━━━━━ Provided records

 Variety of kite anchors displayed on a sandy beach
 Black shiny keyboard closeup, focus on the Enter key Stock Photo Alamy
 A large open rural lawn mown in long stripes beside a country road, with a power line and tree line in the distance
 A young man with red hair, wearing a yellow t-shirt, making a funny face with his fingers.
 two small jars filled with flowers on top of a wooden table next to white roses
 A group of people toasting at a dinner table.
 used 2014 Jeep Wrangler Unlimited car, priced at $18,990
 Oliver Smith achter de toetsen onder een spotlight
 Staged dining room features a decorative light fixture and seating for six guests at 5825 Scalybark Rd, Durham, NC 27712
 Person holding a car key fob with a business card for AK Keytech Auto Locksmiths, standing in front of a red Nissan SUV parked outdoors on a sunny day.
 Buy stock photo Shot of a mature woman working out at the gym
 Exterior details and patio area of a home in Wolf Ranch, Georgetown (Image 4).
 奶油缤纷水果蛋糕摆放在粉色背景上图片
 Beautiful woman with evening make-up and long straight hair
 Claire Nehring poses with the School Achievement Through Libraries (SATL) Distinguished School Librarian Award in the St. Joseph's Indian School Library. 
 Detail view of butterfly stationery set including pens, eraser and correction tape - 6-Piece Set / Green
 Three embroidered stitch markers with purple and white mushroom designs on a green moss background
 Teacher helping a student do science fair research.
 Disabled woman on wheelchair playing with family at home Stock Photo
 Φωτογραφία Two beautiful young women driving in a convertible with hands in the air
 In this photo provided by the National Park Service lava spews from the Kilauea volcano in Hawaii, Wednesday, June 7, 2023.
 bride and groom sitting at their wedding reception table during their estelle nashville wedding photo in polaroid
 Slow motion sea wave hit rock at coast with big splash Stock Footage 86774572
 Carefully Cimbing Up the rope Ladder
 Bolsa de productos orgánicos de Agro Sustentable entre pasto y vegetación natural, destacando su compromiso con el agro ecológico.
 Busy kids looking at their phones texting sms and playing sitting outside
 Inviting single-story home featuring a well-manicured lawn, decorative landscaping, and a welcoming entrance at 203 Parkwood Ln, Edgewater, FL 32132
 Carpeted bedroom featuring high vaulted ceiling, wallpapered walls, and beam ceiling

━━━━━━━━━━

What is needed is a word-for-word copy of the records.

 Variety of kite anchors displayed on a sandy beach
 Black shiny keyboard closeup, focus on the Enter key Stock Photo Alamy
 A large open rural lawn mown in long stripes beside a country road, with a power line and tree line in the distance
 A young man with red hair, wearing a yellow t-shirt, making a funny face with his fingers.
 two small jars filled with flowers on top of a wooden table next to white roses
 A group of people toasting at a dinner table.
 used 2014 Jeep Wrangler Unlimited car, priced at $18,990
 Oliver Smith achter de toetsen onder een spotlight
 Staged dining room features a decorative light fixture and seating for six guests at 5825 Scalybark Rd, Durham, NC 27712
 Person holding a car key fob with a business card for AK Keytech Auto Locksmiths, standing in front of a red Nissan SUV parked outdoors on a sunny day.
 Buy stock photo Shot of a mature woman working out at the gym
 Exterior details and patio area of a home in Wolf Ranch, Georgetown (Image 4).
 奶油缤纷水果蛋糕摆放在粉色背景上图片
 Beautiful woman with evening make-up and long straight hair
 Claire Nehring poses with the School Achievement Through Libraries (SATL) Distinguished School Librarian Award in the St. Joseph's Indian School Library. 
 Detail view of butterfly stationery set including pens, eraser and correction tape - 6-Piece Set / Green
 Three embroidered stitch markers with purple and white mushroom designs on a green moss background
 Teacher helping a student do science fair research.
 Disabled woman on wheelchair playing with family at home Stock Photo
 Φωτογραφία Two beautiful young women driving in a convertible with hands in the air
 In this photo provided by the National Park Service lava spews from the Kilauea volcano in Hawaii, Wednesday, June 7, 2023.
 bride and groom sitting at their wedding reception table during their estelle nashville wedding photo in polaroid
 Slow motion sea wave hit rock at coast with big splash Stock Footage 86774572
 Carefully Cimbing Up the rope Ladder
 Bolsa de productos orgánicos de Agro Sustentable entre pasto y vegetación natural, destacando su compromiso con el agro ecológico.
 Busy kids looking at their phones texting sms and playing sitting outside
 Inviting single-story home featuring a well-manicured lawn, decorative landscaping, and a welcoming entrance at 203 Parkwood Ln, Edgewater, FL 32132
 Carpeted bedroom featuring high vaulted ceiling, wallpapered walls, and beam ceiling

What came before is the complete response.